# Your goal
What needs reproducing is the run of lines in the data below starting at the line with "MIMOSA (REF. 64703) - JAUNE..." and ending at the line with "X0000064040569200601301151", both ends included. Copy it exactly, without pictures, and add nothing.

(Input records begins)

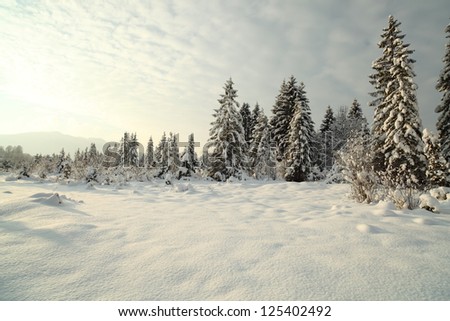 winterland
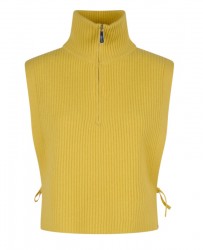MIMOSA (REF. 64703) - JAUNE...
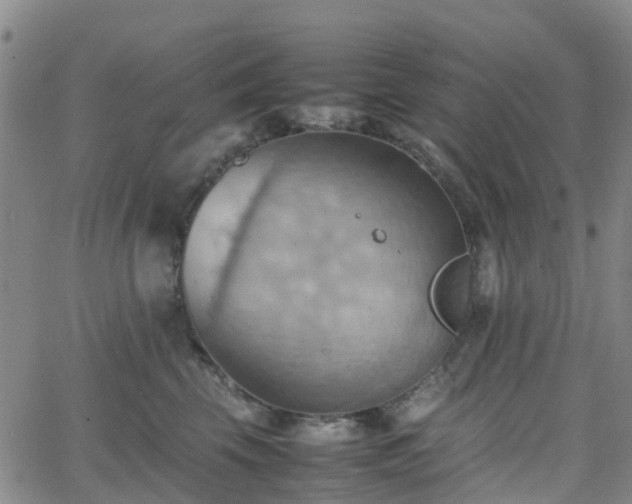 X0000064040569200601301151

(Input records ends)
(Input records begins)

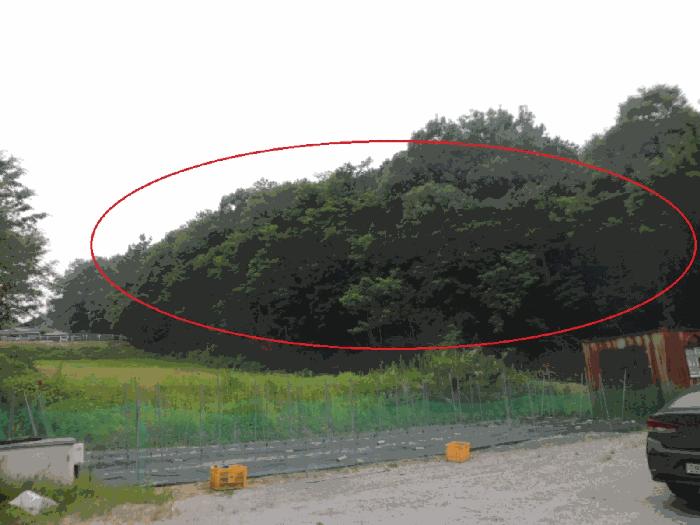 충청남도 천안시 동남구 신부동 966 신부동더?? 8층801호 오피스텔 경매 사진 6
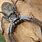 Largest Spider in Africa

(Input records ends)

# Solved problem
MIMOSA (REF. 64703) - JAUNE...
 X0000064040569200601301151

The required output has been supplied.